Big Tobacco Asks Permission to Continue Marketing 'Light' Cigarettes Overseas

A group of tobacco companies asked a federal judge on Thursday to let them continue marketing "low tar" and "light" cigarettes overseas, two weeks after she banned the practice in the United States.

U.S. District Judge Gladys Kessler ruled Aug. 17 that the nation's top cigarette makers violated racketeering laws and deceived the public for years about the health hazards of smoking.

Kessler ordered the companies to stop using terms such as "light" on their products, saying such cigarettes are no safer than others. She also ordered the companies to publish in newspapers and on their Web sites "corrective statements" on the adverse health effects and addictiveness of smoking and nicotine.

In court documents filed Thursday, tobacco lawyers asked Kessler to clarify that ruling to let them continue their marketing practices and selling so-called "light" and "low-tar" cigarettes overseas.

"Banning the use of the low tar descriptors in foreign countries would be an unwarranted intrusion upon the right of these countries to regulate cigarette sales within their own borders," attorneys wrote.

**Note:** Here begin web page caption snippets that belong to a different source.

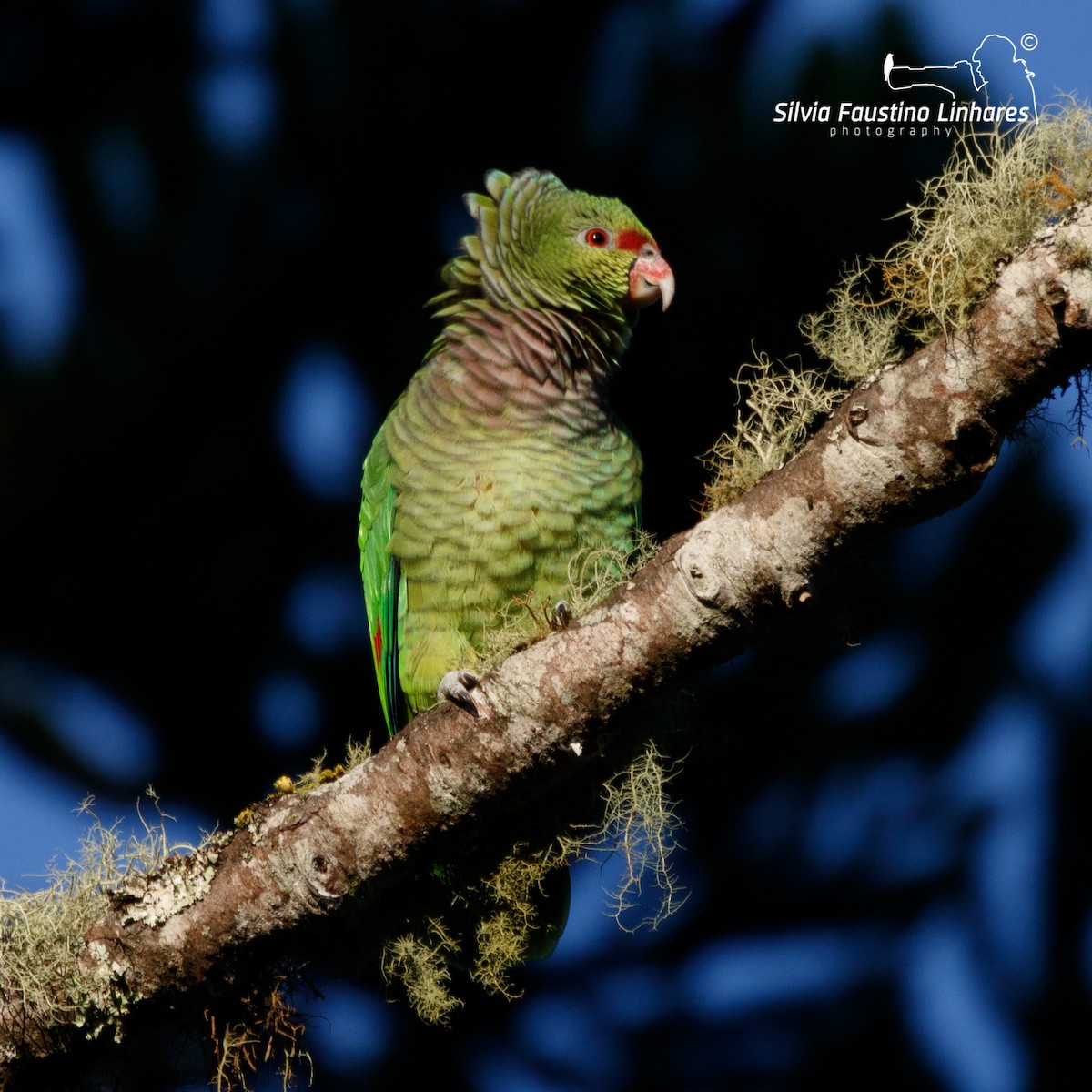Vinaceous-breasted Parrot - ML102941431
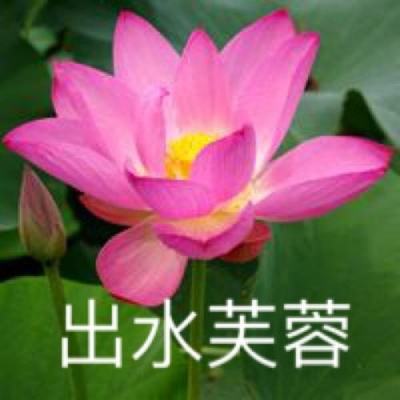 叫我万岁爷果盘版下载
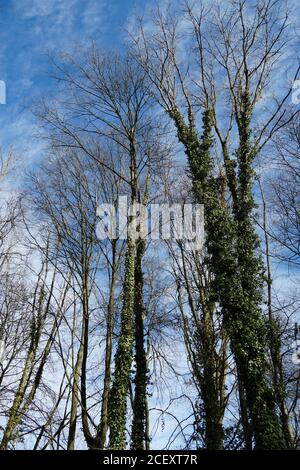 Un gruppo di alberi in inverno, alcuni dei tronchi d'albero sono coperti di edera Foto Stock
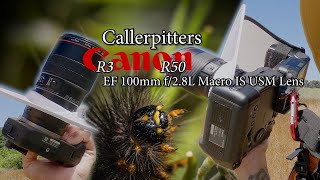 Callerpitters with the  Canon EF 100mm F/2.8 macro lens on the Canon R50 & the R3 too!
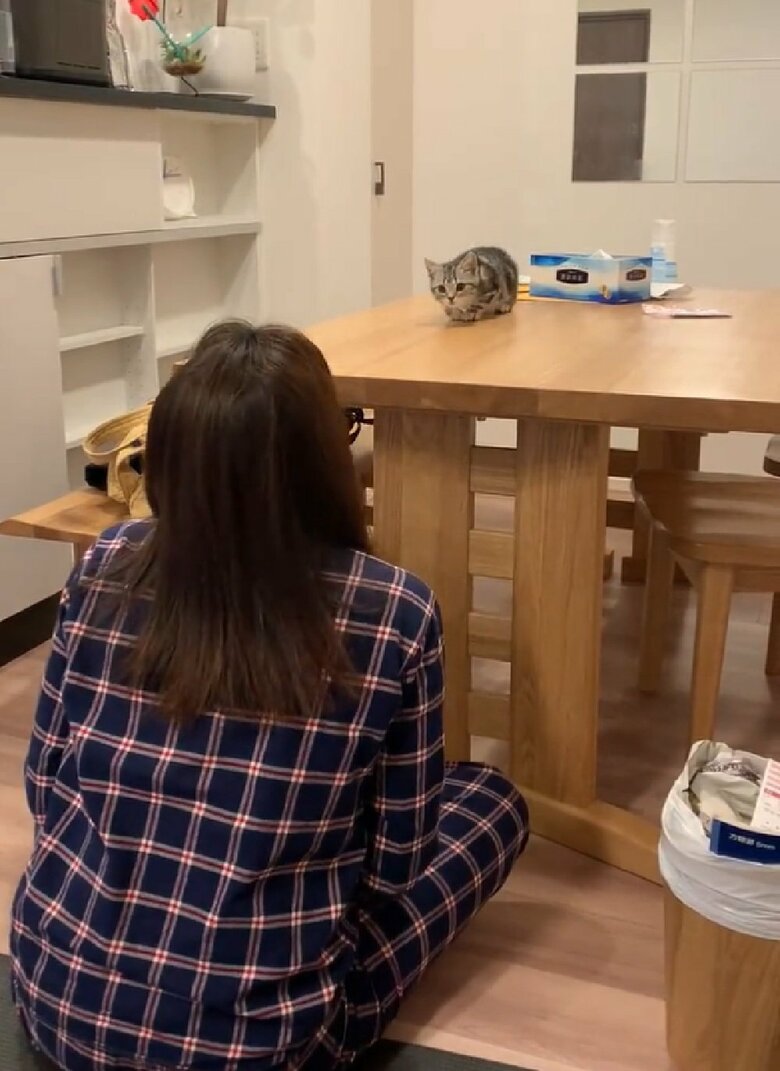 飼い主さんが顔を出すと、あんこくんは停止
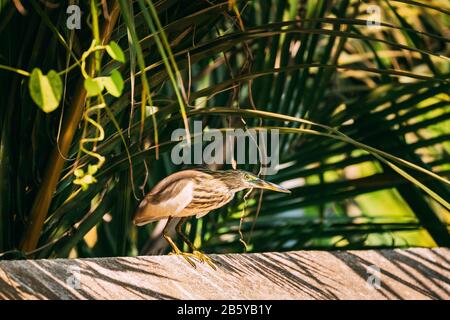 Goa, Indien. Indischer Teich Heron Sitzt Am Аутсу Am Sonnentag. Stockfoto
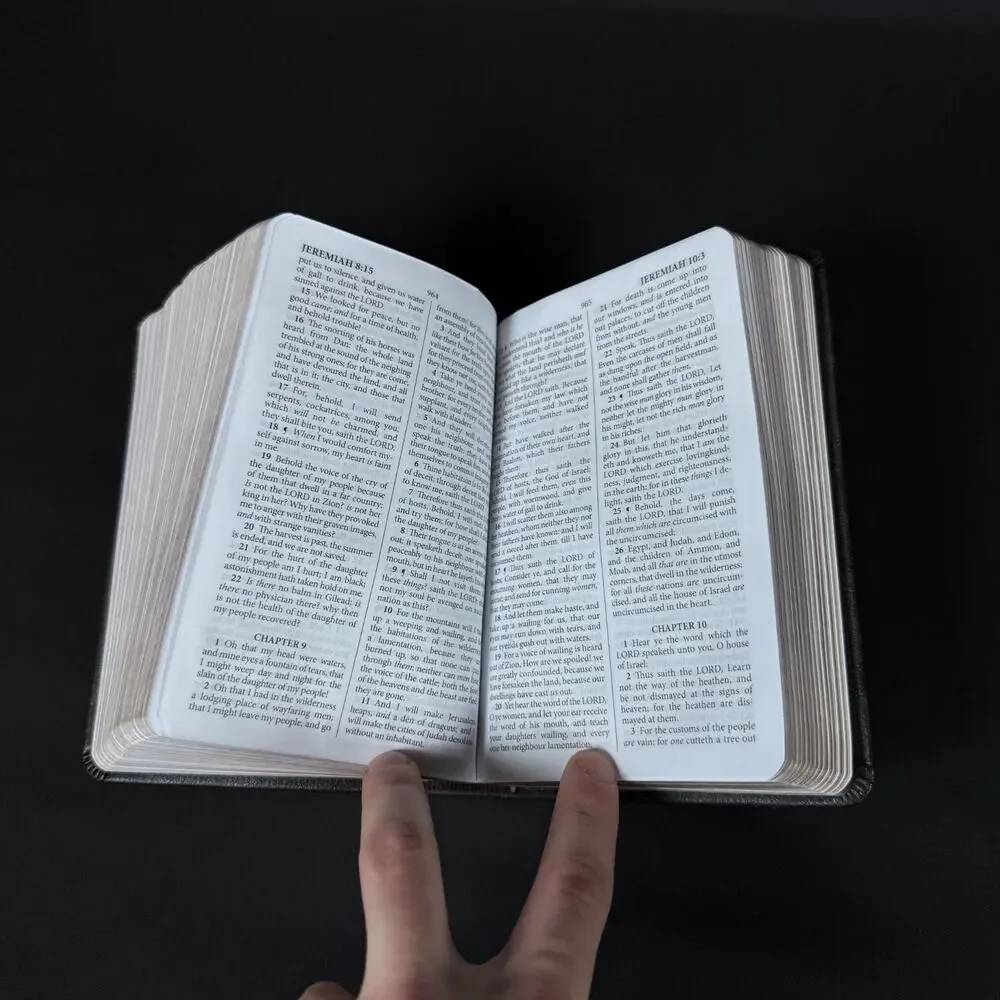 KJV The Holy Bible by James (2013, leather cover) compact
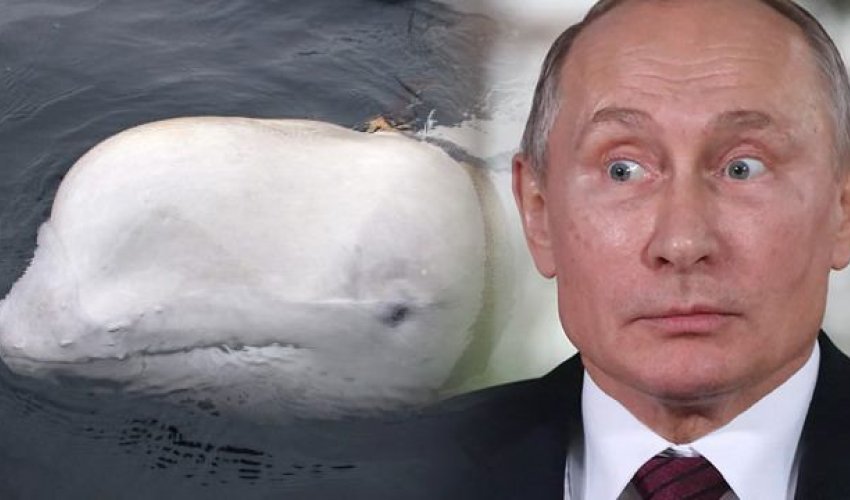 Putin dünyanı ŞOKA SALDI - Son anda gördülər - FOTOLAR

Prohibiting such marketing would put U.S. cigarette companies at an unfair disadvantage in the international market, attorneys said. Overseas markets represent a growth area for tobacco sales, tobacco executives have said.

The companies also asked Kessler not to force them to post statements in international stores that smoking is addictive and causes health problems. She ordered the companies to make such statements in the United States.

The request was filed by R.J. Reynolds Tobacco Co., Brown & Williamson Tobacco Corp., British American Tobacco Ltd., Lorillard Tobacco Co., and Philip Morris USA Inc. and its parent, Altria Group Inc.